Thursday, April 19, 2012
The City of Carlsbad wants to reclaim its coastal real estate after the giant "Encina" gas powered plant is decommissioned in five years. It's one of a number of coastal plants that are due to be decommissioned because of damage to the marine environment caused by its cooling system.
Debate over a new power plant on Carlsbad’s scenic coastline heats up today, and the future of San Onofre figures into the arguments.
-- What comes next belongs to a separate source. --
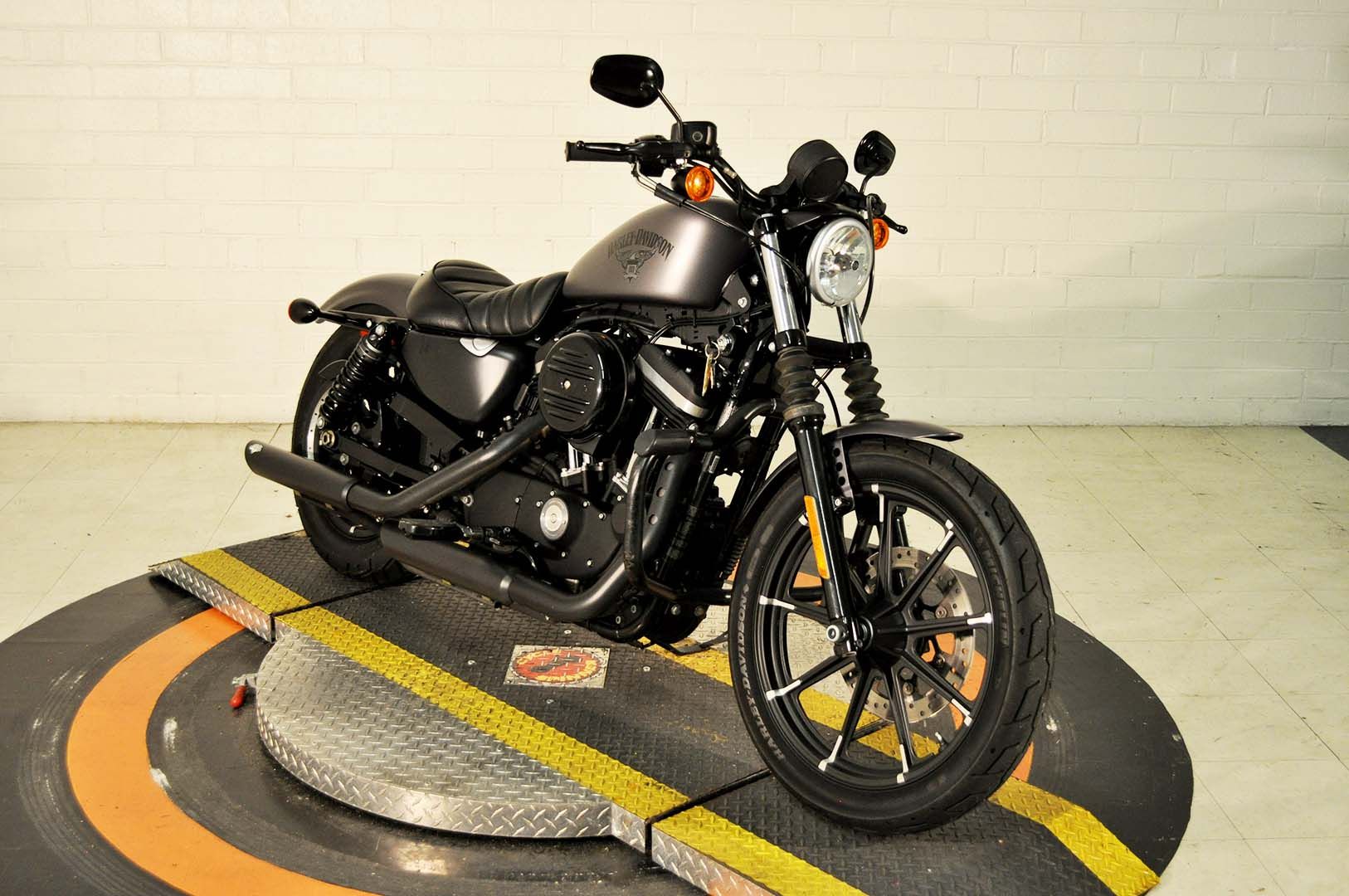 2016 Harley-Davidson Iron 883™ in Winston Salem, North Carolina - Photo 9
The California Energy Commission holds hearings in Carlsbad this afternoon
“The City of Carlsbad does not believe California’s coastline should be home to another power plant,” said Carlsbad’s project manager, Joe Garuba.
The land where the Encina plant sits has sweeping views up and down the coast line and, Garuba said, is worth millions of dollars an acre.
He said SDG&E is building other new power plants elsewhere - Pio Pico and Quail Brush - and the new “Carlsbad Energy Center” isn’t needed for San Diego; so it could end up sending power to Los Angeles.
“We might get stuck with a power plant that is not providing power to the San Diego region and has no benefit to San Diego,” Garuba said.
Robert Sparks is with CAL ISO, the agency responsible for managing electricity flow so the lights stay on around the state. He is Manager of Regional Transmission-South. Sparks said a meeting this week established that a replacement power plant in Carlsbad, generating 500 MW of power, will be needed to keep San Diego’s power supply reliable.
Plus, he said, the agency is considering scenarios with or without the San Onofre nuclear power plant. San Onofre’s Units 2 and 3 generate about 2,000 megawatts of power
“We’re very hopeful that it will be there,” Sparks said, ”but certainly if it is not, the need for Carlsbad, Pio Pico, Quail Brush is even more pronounced. And we would probably need generation beyond even those facilities and possibly even some transmission upgrades as well.”
Sparks added the new Carlsbad plant could be located in a “electrically equivalent area,“ though that has not yet been exactly defined.
Energy Commission staff recommend NRG be granted a permit for another power plant in Carlsbad to “take advantage of existing facilities.” They argue the benefits will outweigh the significant, unavoidable environmental impacts.
The California’s Energy Commission will decide at the end of May whether to issue a permit. If approved, the project would need several more permits before construction could actually begin.